> _Recorded data_:
++++++++++

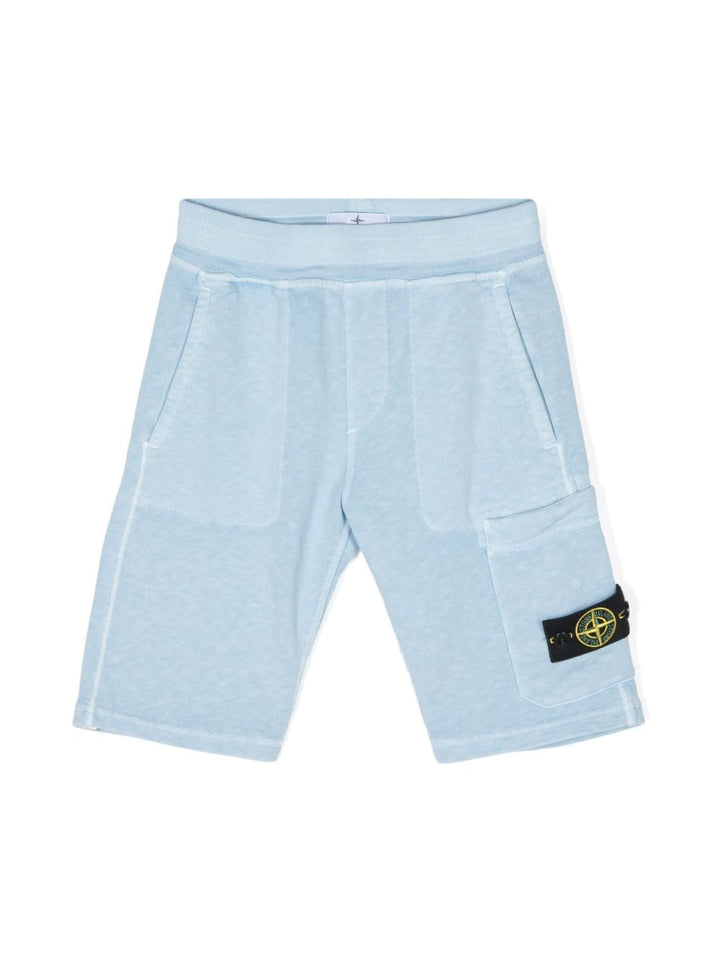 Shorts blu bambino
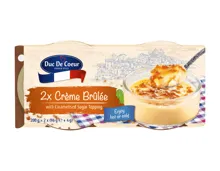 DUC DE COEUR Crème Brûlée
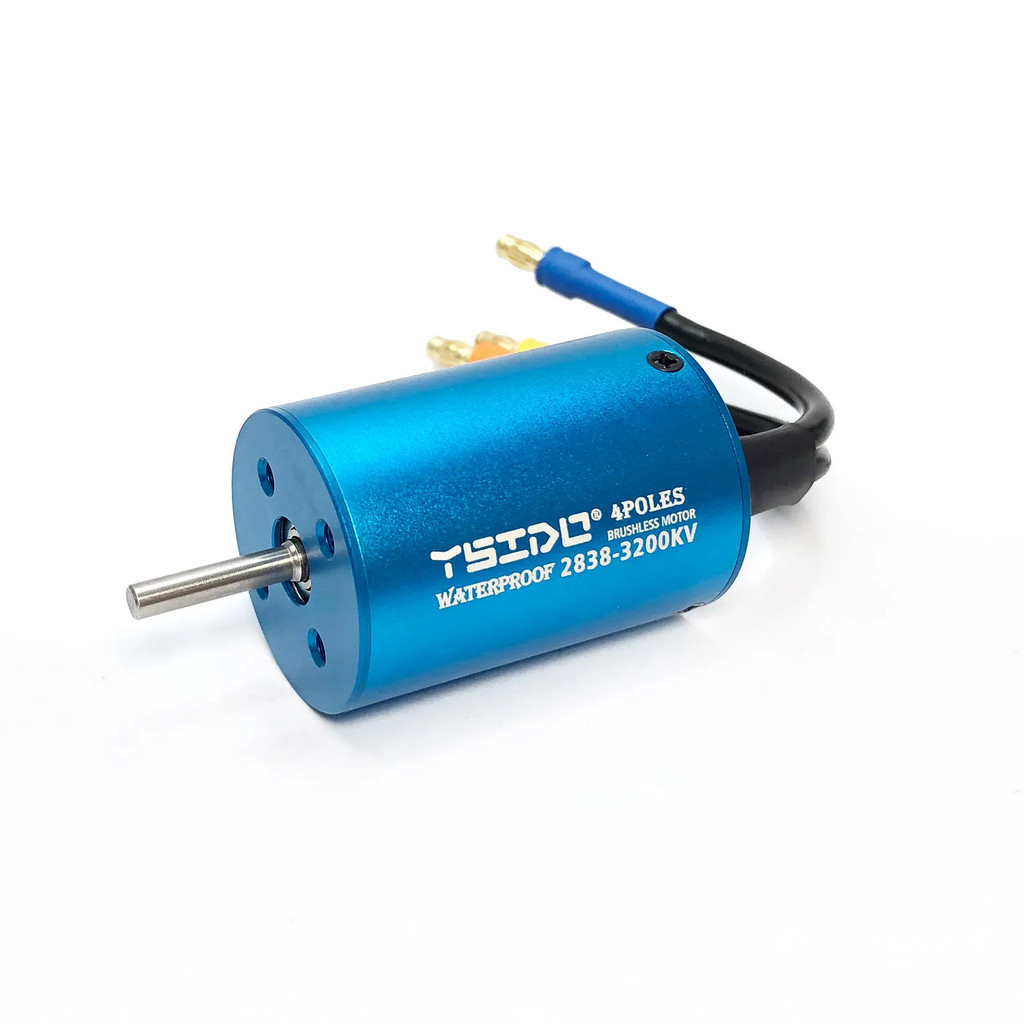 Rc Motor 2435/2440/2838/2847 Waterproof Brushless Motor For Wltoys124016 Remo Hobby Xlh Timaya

++++++++++

> _The problem_: After locating the line with "DUC DE COEUR Crème Brûlée", transcribe it and the rest of the data above exactly as written, without any picture.

> _Result of the task_:
 DUC DE COEUR Crème Brûlée
 Rc Motor 2435/2440/2838/2847 Waterproof Brushless Motor For Wltoys124016 Remo Hobby Xlh Timaya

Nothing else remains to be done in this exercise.